岩手県大船渡市で2014年2月、沿岸部では初となる公設民営の常設型NPO支援センターである「大船渡市市民活動支援センター」が開所した。地域のNPOや市民団体、企業、行政がセクターを超えて情報を共有。ネットワークを築くことで地域活動を活性化し、市民参加による復興のまちづくり促進を目指して生まれた場だ。

震災前後、地域内外の市民活動をつなぐ

同センターの大きな特徴は、官民含めた複数の主体が協働で運営に当たっていることだ。大船渡市で活動する3つのNPOと市の社会福祉協議会、そして大船渡市の5者が2013年9月に市民活動支援協議会を設立。仮設商店街「おおふなと夢商店街」の一角に支援センターを仮オープン。4ヶ月の試験運用の後、市街地の商業施設内に拠点を移して本格始動となった。

協議会を構成する3つのNPOのうち、「夢ネット大船渡」は2006年から地域おこしや中間支援活動を続け、地域では実績のある団体。被災した方に食事を提供する「さんさんの会」と、復興支援に県外から駆けつけたメンバーで構成される「みちのくふる里ネットワーク」は、震災後に生まれた新しい団体だ。3団体が入ることで震災の前と後、そして地域の内と外のリソースを結ぶことを目指している。

外部支援が途絶えた後に試される地域力

支援センターの主な事業は、市民活動団体のネットワーク構築、情報の見える化、相談窓口対応、交流・協働サポート、スキルアップ支援の5つ。協議会の代表を務める大関輝一さん(みちのくふる里ネットワーク代表)は「開所後、市民や地域の団体から早くも問い合わせや相談が持ち込まれている。まずまずの滑り出し」と語る。

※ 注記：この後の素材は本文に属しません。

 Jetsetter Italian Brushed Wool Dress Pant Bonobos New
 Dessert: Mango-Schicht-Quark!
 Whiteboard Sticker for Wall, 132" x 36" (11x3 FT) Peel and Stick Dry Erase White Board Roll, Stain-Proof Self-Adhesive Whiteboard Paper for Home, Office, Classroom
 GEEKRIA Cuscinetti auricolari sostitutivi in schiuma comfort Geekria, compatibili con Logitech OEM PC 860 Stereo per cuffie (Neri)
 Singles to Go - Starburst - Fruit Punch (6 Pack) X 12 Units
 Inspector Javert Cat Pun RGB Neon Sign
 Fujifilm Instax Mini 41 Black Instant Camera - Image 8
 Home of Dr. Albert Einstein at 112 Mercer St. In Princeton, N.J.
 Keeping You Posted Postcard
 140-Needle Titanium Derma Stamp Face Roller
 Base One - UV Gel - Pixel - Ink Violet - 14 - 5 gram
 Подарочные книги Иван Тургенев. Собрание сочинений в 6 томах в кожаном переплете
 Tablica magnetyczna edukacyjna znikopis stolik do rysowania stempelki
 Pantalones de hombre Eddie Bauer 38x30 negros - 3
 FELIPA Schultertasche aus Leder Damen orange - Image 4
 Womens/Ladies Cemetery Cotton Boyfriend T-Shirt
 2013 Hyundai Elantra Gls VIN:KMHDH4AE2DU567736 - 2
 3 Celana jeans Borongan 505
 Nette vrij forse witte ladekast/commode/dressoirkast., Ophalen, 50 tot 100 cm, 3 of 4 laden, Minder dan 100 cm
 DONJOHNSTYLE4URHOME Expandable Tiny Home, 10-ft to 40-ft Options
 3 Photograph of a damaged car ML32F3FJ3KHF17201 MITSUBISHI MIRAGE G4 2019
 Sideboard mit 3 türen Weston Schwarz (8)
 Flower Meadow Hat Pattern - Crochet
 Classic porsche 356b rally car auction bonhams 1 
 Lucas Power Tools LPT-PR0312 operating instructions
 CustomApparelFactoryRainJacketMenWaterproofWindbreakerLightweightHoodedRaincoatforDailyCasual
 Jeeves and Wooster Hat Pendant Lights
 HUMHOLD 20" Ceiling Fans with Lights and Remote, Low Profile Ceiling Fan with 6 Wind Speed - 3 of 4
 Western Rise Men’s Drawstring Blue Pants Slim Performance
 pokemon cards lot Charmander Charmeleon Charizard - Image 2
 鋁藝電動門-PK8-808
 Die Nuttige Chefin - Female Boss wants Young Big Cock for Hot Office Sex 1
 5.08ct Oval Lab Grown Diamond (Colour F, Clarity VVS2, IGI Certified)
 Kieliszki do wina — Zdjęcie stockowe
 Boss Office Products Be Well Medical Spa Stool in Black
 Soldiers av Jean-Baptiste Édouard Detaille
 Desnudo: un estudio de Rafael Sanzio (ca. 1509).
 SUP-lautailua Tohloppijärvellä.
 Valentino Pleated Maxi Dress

現在は市内の市民団体などへのヒアリングを進めている。以前から自治会や婦人会、子供会などの地域活動があるが、震災を機に、新たに団体が生まれ、また市外・県外からも多くのNPOなどが支援に入った。だが法人格を取得していない団体まで含めると、現状を把握することは市でも難しい状況。ネットワーク構築事業の土台とするためにも、各団体へのヒアリングを元にしたデータベースづくりが急務だ。

来年度からは大船渡市の広報誌のうち毎月1ページを支援センターで受け持ち、市民団体の活動紹介や支援センターからのPRに活用する。市としても、市民の声を取り上げる方法を模索していたが、協議会で定期的に交流する中で、広報誌の委託という具体的な協働の形が生まれた。大関さんは、「自分が使える支援情報がどこで得られるのか分かりにくい。住民全員に届けられる広報誌をうまく活用したい」と期待する。こうした情報発信の連携がスムーズに動き出せるのも、官民協働事業ならではのことだ。

大船渡に限ったことではないが、外部から支援に入った団体は少しずつ姿を消しつつあり、人・モノ・カネのあらゆる面での支援が縮小していくことが課題となる。大関さんは、「これまでは、国や県などの公的支援のほか、県外からも多くの援助があり、被災地の活動はいわばゲタを履かせてもらっていた状態。これから各地域の真の実力が試される」と気を引き締めている。

公設民営による支援の仕組みは被災地における新しい市民活動のフレームづくりにどのような力を発揮できるのか。多くの支援団体が生まれた東北の今後のまちづくりを占う上でも、大船渡市市民活動支援センターの活動は試金石となるだろう。